▶ [Your assignment]: Copy out nothing but the line containing "Haut-Parleur Bluetooth En" and the lines that follow it to the end of the entries, exactly as they stand.

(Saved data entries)
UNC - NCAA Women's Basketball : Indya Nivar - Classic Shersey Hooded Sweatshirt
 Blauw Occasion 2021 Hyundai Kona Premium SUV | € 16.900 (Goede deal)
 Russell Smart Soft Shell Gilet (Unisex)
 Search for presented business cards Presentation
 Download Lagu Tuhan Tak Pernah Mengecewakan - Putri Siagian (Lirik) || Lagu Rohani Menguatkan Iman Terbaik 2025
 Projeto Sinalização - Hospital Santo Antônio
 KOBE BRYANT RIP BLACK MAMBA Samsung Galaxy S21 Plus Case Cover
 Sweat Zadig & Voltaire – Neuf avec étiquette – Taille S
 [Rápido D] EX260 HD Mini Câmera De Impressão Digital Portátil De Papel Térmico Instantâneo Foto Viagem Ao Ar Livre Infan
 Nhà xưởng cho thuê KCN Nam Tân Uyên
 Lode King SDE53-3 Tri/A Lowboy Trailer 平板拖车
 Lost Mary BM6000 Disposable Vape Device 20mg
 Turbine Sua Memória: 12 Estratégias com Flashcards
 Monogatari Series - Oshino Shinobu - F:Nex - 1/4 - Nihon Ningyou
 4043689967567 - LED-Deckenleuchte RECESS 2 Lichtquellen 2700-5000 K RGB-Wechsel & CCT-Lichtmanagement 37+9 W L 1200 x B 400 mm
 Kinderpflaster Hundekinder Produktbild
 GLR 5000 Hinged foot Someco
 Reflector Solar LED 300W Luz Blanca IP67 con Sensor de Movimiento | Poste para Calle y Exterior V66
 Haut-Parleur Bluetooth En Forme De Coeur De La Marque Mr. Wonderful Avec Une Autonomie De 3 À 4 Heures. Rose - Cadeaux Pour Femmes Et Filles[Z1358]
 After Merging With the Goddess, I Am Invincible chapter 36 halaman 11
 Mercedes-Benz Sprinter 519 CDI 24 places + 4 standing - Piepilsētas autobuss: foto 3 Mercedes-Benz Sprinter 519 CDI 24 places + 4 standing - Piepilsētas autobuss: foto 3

▶ [Response to the task]:
 Haut-Parleur Bluetooth En Forme De Coeur De La Marque Mr. Wonderful Avec Une Autonomie De 3 À 4 Heures. Rose - Cadeaux Pour Femmes Et Filles[Z1358]
 After Merging With the Goddess, I Am Invincible chapter 36 halaman 11
 Mercedes-Benz Sprinter 519 CDI 24 places + 4 standing - Piepilsētas autobuss: foto 3 Mercedes-Benz Sprinter 519 CDI 24 places + 4 standing - Piepilsētas autobuss: foto 3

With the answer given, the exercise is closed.